Learning to accelerate Krasnosel'skii-Mann fixed-point iterations with guarantees

TL;DR

This paper proposes a learning-based framework to accelerate Krasnosel'skii-Mann fixed-point iterations, providing convergence guarantees and demonstrating improved performance on structured monotone inclusion problems.

Contribution

It introduces a novel L2O approach that injects perturbations into fixed-point iterations, ensuring local linear convergence with guarantees, and applies it to enhance operator splitting methods.

Findings

Accelerated convergence in fixed-point iterations.

Validated improvements on structured monotone inclusion problems.
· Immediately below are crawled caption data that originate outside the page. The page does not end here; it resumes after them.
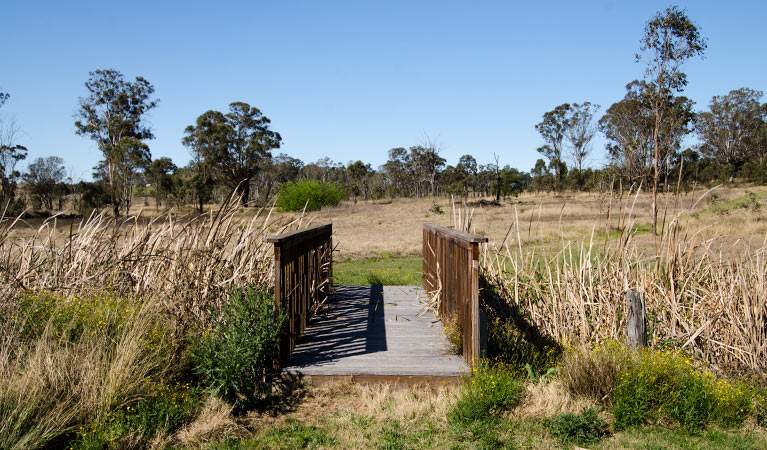 Migrant Heritage walk, Scheyville National Park. Photo: John Spencer &copy; OEH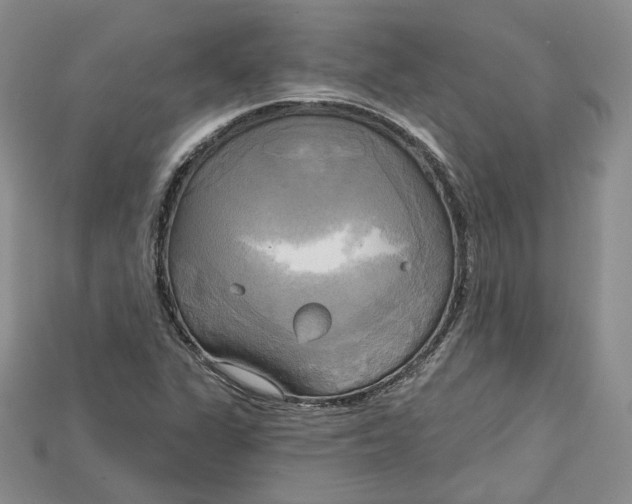 X0000114671311200911121325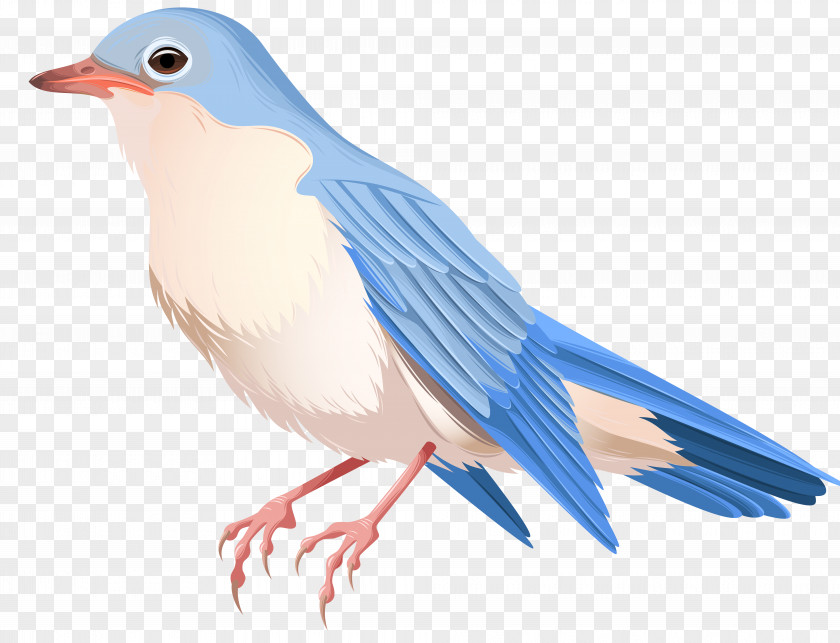 Paper Birds Bird Clip Art PNG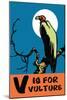 V is for Vulture-Charles Buckles Falls-Mounted Art Print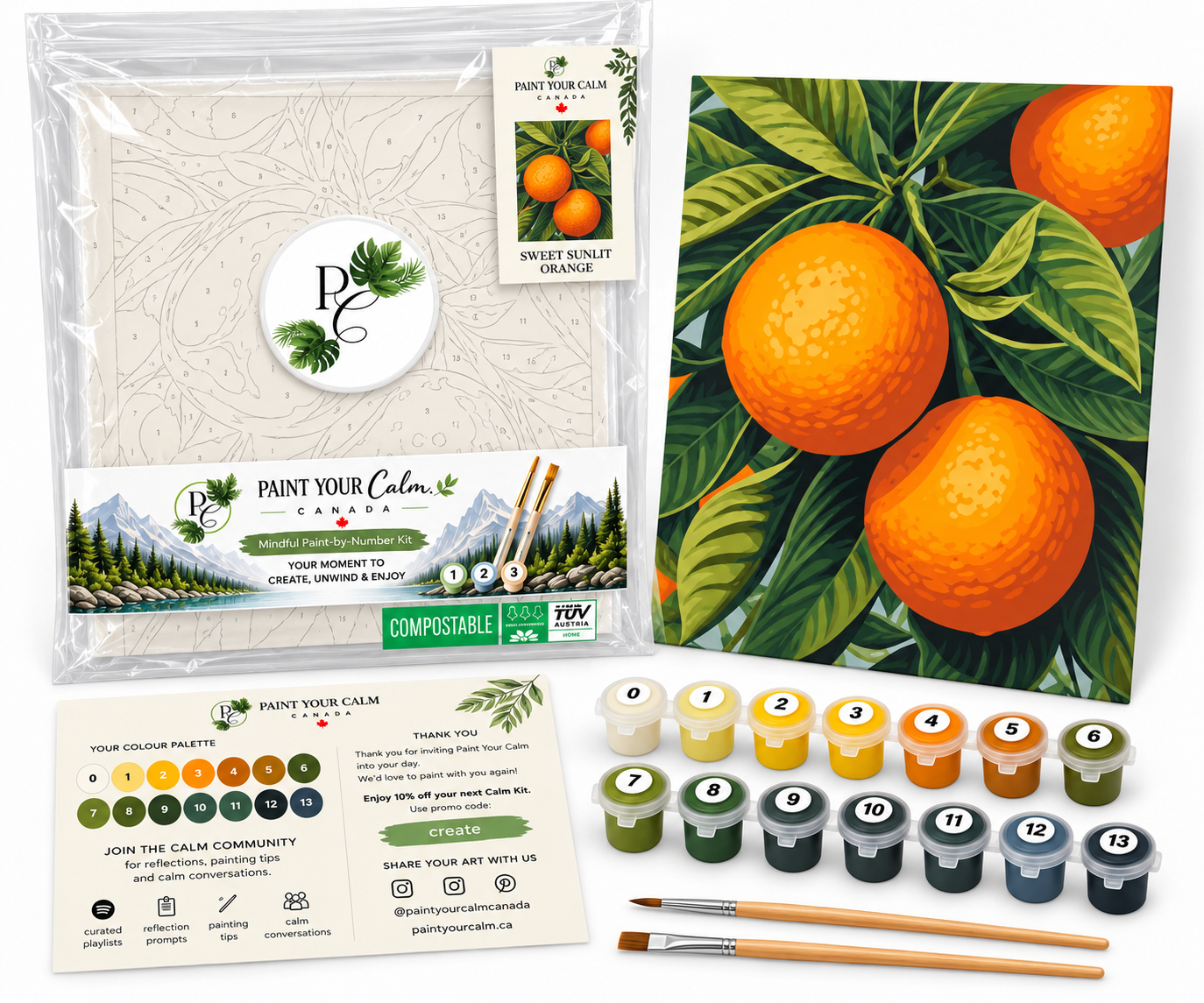 Sweet Sunlit Orange Clear kit.png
Guarantees of local linear convergence under certain conditions.

Abstract

We introduce a principled learning to optimize (L2O) framework for solving fixed-point problems involving general nonexpansive mappings. Our idea is to deliberately inject summable perturbations into a standard Krasnosel'skii-Mann iteration to improve its average-case performance over a specific distribution of problems while retaining its convergence guarantees. Under a metric sub-regularity assumption, we prove that the proposed parametrization includes only iterations that locally achieve linear convergence-up to a vanishing bias term-and that it encompasses all iterations that do so at a sufficiently fast rate. We then demonstrate how our framework can be used to augment several widely-used operator splitting methods to accelerate the solution of structured monotone inclusion problems, and validate our approach on a best approximation problem using an L2O-augmented Douglas-Rachford splitting algorithm.